● Given records
★ ★ ★ ★
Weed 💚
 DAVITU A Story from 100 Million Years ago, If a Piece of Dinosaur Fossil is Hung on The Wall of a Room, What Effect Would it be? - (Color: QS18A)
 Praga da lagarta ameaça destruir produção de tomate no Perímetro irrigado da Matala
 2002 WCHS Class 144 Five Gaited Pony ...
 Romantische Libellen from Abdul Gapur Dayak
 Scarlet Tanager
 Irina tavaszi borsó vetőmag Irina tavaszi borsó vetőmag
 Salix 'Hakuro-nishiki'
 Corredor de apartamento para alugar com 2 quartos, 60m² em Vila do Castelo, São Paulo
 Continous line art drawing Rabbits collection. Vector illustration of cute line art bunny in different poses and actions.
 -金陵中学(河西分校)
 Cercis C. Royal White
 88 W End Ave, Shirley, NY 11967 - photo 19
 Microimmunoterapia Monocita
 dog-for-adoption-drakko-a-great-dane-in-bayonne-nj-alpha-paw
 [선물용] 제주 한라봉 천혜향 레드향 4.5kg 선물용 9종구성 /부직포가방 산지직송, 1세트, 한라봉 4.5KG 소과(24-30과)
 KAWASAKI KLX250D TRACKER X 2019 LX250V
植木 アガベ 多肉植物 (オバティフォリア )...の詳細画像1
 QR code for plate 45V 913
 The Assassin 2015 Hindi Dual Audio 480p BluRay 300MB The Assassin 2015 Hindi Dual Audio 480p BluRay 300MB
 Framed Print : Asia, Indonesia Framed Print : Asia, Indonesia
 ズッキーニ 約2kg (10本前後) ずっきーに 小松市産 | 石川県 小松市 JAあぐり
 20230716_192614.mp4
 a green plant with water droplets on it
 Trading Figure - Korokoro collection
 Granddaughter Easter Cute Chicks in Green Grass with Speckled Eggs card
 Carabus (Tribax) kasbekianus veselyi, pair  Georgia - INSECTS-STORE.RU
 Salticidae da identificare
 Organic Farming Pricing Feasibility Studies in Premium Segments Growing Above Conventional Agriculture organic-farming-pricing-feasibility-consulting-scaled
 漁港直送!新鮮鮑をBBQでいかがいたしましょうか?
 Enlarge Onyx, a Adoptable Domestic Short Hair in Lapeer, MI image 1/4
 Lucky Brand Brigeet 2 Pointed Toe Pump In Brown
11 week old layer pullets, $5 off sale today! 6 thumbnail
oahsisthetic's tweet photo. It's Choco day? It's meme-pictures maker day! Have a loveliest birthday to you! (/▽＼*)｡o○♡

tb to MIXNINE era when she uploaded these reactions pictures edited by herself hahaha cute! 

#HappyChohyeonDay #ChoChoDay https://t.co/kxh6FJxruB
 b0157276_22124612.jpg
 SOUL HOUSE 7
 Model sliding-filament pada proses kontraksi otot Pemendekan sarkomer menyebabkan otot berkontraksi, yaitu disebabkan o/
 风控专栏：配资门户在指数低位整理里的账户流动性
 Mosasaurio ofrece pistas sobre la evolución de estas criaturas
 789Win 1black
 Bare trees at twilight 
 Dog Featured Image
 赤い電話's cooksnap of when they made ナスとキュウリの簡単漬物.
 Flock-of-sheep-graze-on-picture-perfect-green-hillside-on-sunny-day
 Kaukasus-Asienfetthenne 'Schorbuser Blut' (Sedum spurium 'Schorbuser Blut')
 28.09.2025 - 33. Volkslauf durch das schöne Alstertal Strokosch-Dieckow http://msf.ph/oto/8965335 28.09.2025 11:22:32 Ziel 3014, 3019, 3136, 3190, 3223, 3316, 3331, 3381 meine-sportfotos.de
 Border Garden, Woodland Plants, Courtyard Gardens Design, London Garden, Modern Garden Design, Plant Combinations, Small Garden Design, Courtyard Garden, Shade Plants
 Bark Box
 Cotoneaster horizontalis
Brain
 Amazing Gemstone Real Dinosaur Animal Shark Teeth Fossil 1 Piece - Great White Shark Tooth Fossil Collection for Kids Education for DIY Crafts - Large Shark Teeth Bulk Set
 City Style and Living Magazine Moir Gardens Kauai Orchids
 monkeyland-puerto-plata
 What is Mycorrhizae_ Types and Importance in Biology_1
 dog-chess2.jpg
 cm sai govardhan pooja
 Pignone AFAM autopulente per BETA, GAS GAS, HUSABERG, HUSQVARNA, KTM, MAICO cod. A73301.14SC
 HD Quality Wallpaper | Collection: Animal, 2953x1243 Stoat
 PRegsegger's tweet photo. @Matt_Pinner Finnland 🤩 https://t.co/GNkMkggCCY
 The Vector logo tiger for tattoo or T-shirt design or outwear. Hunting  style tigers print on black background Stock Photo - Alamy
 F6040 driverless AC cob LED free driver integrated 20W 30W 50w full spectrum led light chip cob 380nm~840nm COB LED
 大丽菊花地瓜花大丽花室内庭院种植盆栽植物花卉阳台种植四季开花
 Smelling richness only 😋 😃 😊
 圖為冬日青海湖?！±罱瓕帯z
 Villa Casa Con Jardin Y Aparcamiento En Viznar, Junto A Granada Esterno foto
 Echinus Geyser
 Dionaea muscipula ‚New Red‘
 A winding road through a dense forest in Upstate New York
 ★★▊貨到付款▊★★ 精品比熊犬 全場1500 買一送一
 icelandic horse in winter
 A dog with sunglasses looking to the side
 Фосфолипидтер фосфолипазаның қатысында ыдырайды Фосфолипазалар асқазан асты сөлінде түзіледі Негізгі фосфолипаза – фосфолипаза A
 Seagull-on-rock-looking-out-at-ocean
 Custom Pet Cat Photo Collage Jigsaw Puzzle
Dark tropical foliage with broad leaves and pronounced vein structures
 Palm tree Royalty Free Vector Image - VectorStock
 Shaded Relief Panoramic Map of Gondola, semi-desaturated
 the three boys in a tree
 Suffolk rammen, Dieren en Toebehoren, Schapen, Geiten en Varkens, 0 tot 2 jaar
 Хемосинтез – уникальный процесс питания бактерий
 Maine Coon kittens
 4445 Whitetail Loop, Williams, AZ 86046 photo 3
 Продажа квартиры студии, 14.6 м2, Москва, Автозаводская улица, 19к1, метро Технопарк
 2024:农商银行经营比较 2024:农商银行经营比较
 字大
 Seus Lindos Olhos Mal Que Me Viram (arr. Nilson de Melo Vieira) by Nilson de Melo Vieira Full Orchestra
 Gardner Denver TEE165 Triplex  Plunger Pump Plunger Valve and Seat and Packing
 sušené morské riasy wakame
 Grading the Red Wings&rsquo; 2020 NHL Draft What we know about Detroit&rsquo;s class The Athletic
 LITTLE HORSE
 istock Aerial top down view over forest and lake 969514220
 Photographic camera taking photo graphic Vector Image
★ ★ ★ ★
● Brief
Within the records above, find every line containing "forest" and report only how many there are.

● Response to this task
2